NFPA requires that ducts have access panels every 12 ft. on horizontal runs, on every floor of vertical runs, and any place the ductwork bends or turns. Access panels should be large enough for cleaners to do an adequate job, and contractors will recommend new ones if those you have are too small. For example, an 18-in. duct should have 18-in. x 18-in. access panels, but 24-in. wide is even better, allowing a technician to get head and shoulders inside to clean and inspect properly.
Hood cleaning. Contractors may use scrapers and brushes (carefully) on the plenum and hood interior for stubborn grease accumulation. Otherwise, they’ll usually clean it with the same pressure washer system used for the ductwork. The hood’s interior and exterior stainless may be manually cleaned with a degreaser if necessary or mild detergent, wiped down, and dried with clean cloths. Contractors take special care with demand-control hoods to protect their heat and/or effluent sensors during the cleaning process.
Grease filters. Cleaners disassemble and pressure wash baffle filters or wash them manually; then they dry and reinstall them in the hood.

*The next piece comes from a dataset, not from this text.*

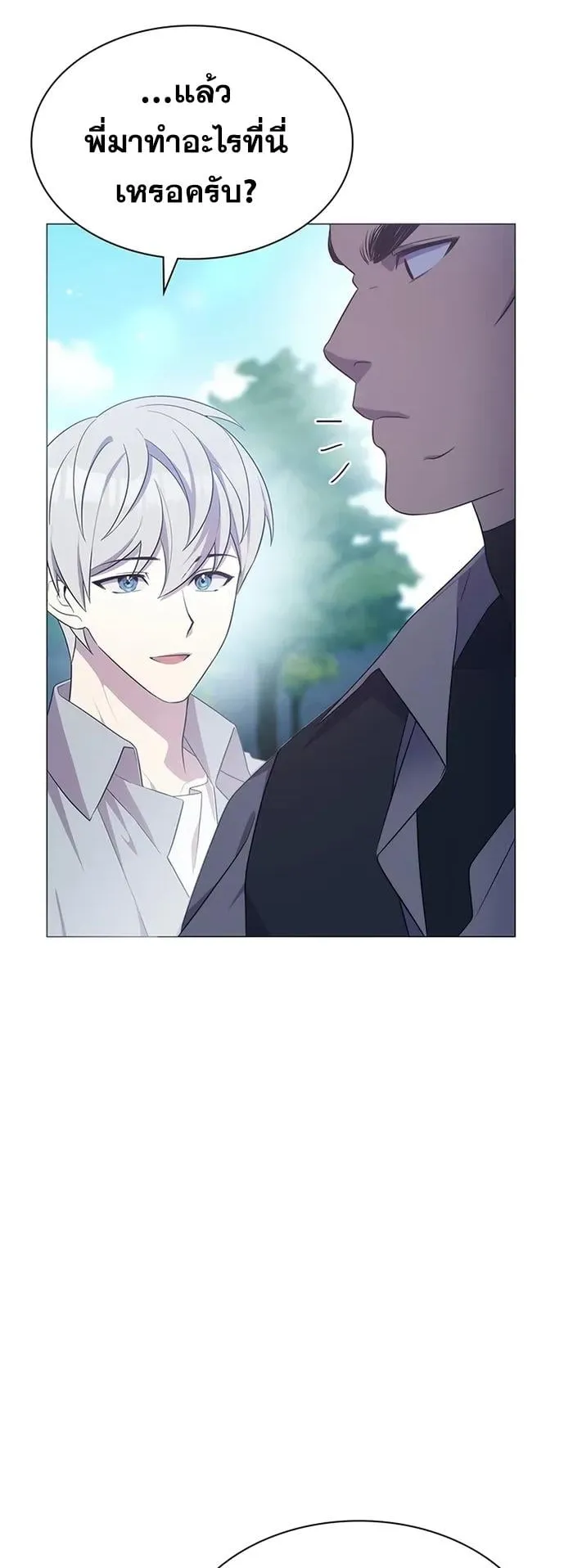My Lucky Encounter From The Game Turned Into Reality ตอนที่ 1 หน้า 92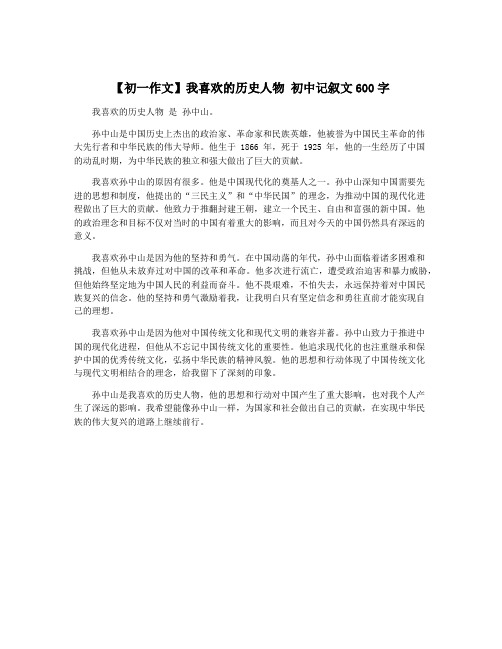 【初一作文】我喜欢的历史人物 初中记叙文600字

Clean-up. Good servicers will collect all wastewater and grease from traps and clean and dispose of those collection containers properly. They return and reconnect all equipment and remove all their tools and tarps. Technicians should leave kitchens as clean or cleaner than they found them.
Final inspection and report. After cleaning up, contractors test exhaust systems to make sure they’re operating correctly and that the system isn’t losing pressure or leaking through the ducts anywhere. They should provide you with a written report documenting exactly what was cleaned, inspected and serviced, any parts that needed replacement, and even before-and-after photos of problems they encountered or areas of concern.
Choosing A Contractor
Look for certification. Kitchen exhaust cleaning contractors must be certified, otherwise you may be subject to fines and even your store closing. Professional accreditation, such as membership in the International Kitchen Exhaust Cleaning Association, is usually an indication of both certification and qualification.

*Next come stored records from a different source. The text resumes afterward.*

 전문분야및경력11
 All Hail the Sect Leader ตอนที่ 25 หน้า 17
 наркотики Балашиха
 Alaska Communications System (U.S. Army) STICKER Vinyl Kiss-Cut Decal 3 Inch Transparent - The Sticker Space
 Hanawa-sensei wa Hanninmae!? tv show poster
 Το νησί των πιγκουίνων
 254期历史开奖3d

Find out their areas of expertise. Some contractors may have more experience with certain types of hoods or exhaust systems from specific manufacturers. Align your needs with their expertise.
Ask for references. Check with other operators in your area about their dealings and level of satisfaction with contractors.
Learn what training they provide. Ask what kinds of training programs their personnel go through as well as average time on the job of their technicians. Also find out whether they offer training or education for your employees on how to operate and maintain your exhaust system.
Look for good communication. Your contractor should be your partner in keeping your restaurant, patrons and staff safe, and not simply call when it’s time to sell you something or perform a rote service.
A Final Note
Due to the cost, unit managers may balk at having contractors clean and inspect on a regular basis. After all, their incentives are usually based on bottom-line profitability. Make them aware of the potential liability the restaurant and your company face if there’s a fire. And remind them that a clean kitchen exhaust system that’s operating properly will partially pay for the cleaning in energy savings.